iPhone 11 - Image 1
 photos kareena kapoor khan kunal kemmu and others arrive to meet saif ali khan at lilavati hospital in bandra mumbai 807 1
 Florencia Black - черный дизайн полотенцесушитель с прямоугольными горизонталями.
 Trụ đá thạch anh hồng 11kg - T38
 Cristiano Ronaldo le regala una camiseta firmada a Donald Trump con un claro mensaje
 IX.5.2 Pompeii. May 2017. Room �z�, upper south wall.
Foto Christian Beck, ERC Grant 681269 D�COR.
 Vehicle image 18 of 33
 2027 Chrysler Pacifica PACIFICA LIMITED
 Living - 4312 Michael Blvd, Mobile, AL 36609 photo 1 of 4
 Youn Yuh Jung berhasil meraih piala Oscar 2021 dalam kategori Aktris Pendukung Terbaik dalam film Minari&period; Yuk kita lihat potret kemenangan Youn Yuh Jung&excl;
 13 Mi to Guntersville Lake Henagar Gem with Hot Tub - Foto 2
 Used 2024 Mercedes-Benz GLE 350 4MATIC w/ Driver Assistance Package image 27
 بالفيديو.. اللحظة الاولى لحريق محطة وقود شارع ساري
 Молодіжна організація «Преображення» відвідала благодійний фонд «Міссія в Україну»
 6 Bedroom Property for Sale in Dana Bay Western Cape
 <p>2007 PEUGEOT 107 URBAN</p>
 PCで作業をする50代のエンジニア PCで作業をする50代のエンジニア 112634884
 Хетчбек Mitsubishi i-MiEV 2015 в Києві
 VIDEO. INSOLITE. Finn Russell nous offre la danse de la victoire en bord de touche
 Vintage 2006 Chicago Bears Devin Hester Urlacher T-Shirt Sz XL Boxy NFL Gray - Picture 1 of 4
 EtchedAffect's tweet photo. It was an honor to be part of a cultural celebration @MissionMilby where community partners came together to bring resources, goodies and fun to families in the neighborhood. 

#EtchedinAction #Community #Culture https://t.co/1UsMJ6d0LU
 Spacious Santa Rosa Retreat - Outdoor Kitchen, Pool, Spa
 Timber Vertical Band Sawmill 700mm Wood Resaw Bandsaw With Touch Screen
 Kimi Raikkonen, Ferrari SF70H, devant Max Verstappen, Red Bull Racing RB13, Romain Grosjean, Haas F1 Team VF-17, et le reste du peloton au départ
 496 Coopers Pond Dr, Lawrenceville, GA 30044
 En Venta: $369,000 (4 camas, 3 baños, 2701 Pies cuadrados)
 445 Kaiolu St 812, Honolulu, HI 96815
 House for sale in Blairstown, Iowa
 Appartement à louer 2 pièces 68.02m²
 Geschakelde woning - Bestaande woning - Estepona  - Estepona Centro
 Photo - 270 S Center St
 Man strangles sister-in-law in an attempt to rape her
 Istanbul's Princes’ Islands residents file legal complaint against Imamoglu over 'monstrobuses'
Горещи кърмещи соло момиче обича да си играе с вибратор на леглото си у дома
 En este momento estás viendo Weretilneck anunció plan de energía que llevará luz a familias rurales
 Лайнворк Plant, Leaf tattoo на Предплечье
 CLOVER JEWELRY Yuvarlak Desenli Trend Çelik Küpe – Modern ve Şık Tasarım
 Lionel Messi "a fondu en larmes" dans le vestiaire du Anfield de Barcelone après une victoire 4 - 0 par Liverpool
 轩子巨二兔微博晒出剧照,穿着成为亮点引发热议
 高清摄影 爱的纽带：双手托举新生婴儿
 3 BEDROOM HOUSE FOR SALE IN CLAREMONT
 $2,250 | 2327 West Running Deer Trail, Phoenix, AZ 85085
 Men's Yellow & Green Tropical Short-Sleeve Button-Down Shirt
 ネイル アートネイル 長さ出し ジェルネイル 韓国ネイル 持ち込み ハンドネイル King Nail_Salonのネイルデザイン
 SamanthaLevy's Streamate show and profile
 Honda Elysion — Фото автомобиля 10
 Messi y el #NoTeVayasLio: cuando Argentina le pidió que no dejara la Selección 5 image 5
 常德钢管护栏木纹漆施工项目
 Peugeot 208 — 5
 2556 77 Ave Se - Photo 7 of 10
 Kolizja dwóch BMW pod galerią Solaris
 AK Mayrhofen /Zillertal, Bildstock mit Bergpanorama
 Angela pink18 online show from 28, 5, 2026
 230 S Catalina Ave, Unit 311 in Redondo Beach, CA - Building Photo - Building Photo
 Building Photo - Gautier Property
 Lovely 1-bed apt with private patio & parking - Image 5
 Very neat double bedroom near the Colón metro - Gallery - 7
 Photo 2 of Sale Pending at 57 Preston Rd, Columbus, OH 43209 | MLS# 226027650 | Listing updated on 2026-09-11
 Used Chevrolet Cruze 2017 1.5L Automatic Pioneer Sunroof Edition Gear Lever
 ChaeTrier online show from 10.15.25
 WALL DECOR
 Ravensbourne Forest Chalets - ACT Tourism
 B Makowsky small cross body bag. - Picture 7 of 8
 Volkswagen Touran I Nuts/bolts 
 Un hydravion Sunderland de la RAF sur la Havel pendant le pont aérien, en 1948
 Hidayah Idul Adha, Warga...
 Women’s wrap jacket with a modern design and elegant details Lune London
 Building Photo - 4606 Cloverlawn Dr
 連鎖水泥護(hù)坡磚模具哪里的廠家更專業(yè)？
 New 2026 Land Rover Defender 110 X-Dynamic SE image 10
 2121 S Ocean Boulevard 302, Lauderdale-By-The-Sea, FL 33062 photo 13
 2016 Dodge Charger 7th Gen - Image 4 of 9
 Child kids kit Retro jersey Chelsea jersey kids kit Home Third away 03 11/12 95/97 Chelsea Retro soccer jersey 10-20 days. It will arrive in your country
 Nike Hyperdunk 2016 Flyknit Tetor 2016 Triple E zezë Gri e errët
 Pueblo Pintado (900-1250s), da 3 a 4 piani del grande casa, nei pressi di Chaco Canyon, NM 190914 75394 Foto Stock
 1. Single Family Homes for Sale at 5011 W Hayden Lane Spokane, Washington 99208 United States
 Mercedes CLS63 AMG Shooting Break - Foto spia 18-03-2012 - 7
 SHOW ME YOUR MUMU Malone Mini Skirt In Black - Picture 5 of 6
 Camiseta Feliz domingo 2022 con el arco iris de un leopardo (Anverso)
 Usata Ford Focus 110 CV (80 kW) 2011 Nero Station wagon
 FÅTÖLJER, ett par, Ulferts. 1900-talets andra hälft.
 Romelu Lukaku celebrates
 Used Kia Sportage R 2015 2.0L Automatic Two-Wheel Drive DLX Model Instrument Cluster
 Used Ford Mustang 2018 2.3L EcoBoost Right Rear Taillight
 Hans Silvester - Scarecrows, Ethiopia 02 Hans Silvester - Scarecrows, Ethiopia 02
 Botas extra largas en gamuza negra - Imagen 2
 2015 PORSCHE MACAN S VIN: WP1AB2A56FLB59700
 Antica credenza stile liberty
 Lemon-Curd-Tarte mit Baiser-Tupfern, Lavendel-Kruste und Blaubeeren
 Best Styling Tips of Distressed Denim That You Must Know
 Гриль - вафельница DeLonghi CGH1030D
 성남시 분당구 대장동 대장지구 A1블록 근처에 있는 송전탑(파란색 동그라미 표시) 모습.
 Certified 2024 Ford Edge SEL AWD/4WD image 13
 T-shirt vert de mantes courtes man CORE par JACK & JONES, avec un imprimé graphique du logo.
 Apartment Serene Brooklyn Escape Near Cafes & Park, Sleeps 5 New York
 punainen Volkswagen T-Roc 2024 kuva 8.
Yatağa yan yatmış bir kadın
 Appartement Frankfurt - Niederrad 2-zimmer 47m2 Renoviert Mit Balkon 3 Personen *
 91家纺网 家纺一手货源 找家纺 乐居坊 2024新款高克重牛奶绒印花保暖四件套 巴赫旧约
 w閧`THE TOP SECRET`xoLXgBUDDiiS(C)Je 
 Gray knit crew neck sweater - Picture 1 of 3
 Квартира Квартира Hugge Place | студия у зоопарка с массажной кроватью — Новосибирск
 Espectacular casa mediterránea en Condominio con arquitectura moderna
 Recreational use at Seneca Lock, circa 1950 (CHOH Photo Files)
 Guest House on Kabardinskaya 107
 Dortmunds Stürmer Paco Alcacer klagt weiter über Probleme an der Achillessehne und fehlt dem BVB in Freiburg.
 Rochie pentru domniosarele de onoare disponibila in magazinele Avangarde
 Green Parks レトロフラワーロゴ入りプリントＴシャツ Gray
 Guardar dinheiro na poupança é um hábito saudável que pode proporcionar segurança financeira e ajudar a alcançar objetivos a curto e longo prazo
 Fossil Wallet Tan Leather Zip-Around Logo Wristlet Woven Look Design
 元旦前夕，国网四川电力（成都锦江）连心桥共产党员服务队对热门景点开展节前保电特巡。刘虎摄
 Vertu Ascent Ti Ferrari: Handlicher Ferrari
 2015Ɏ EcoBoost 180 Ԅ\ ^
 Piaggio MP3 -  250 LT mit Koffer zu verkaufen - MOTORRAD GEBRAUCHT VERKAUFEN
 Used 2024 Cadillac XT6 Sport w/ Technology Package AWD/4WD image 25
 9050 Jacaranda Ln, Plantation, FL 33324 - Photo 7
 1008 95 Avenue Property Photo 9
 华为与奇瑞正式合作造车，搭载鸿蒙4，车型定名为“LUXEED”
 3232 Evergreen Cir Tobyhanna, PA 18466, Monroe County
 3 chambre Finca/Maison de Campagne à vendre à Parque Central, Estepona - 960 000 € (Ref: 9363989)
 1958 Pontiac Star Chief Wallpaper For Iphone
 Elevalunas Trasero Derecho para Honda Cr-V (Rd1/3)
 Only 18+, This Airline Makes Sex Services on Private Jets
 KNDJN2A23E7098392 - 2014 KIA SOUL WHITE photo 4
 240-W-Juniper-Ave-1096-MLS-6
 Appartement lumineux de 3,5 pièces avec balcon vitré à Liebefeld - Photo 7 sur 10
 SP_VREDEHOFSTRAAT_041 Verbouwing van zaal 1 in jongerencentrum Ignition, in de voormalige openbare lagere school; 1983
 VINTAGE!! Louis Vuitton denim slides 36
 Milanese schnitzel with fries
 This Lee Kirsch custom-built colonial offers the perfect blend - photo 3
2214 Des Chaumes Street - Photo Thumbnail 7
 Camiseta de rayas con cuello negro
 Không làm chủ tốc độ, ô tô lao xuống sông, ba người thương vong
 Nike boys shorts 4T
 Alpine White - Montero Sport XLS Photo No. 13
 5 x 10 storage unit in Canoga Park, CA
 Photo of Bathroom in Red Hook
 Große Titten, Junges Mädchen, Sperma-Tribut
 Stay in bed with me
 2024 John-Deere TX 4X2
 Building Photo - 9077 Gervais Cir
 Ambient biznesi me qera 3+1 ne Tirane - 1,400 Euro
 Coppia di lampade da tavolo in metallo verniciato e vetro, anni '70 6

**YOUR ASSIGNMENT**
With the line holding "Istanbul's Princes’ Islands" as the first and the line holding "Very neat double" as the last, set down that range of the entries above exactly, and nothing else.

**TASK SOLUTION**
 Istanbul's Princes’ Islands residents file legal complaint against Imamoglu over 'monstrobuses'
Горещи кърмещи соло момиче обича да си играе с вибратор на леглото си у дома
 En este momento estás viendo Weretilneck anunció plan de energía que llevará luz a familias rurales
 Лайнворк Plant, Leaf tattoo на Предплечье
 CLOVER JEWELRY Yuvarlak Desenli Trend Çelik Küpe – Modern ve Şık Tasarım
 Lionel Messi "a fondu en larmes" dans le vestiaire du Anfield de Barcelone après une victoire 4 - 0 par Liverpool
 轩子巨二兔微博晒出剧照,穿着成为亮点引发热议
 高清摄影 爱的纽带：双手托举新生婴儿
 3 BEDROOM HOUSE FOR SALE IN CLAREMONT
 $2,250 | 2327 West Running Deer Trail, Phoenix, AZ 85085
 Men's Yellow & Green Tropical Short-Sleeve Button-Down Shirt
 ネイル アートネイル 長さ出し ジェルネイル 韓国ネイル 持ち込み ハンドネイル King Nail_Salonのネイルデザイン
 SamanthaLevy's Streamate show and profile
 Honda Elysion — Фото автомобиля 10
 Messi y el #NoTeVayasLio: cuando Argentina le pidió que no dejara la Selección 5 image 5
 常德钢管护栏木纹漆施工项目
 Peugeot 208 — 5
 2556 77 Ave Se - Photo 7 of 10
 Kolizja dwóch BMW pod galerią Solaris
 AK Mayrhofen /Zillertal, Bildstock mit Bergpanorama
 Angela pink18 online show from 28, 5, 2026
 230 S Catalina Ave, Unit 311 in Redondo Beach, CA - Building Photo - Building Photo
 Building Photo - Gautier Property
 Lovely 1-bed apt with private patio & parking - Image 5
 Very neat double bedroom near the Colón metro - Gallery - 7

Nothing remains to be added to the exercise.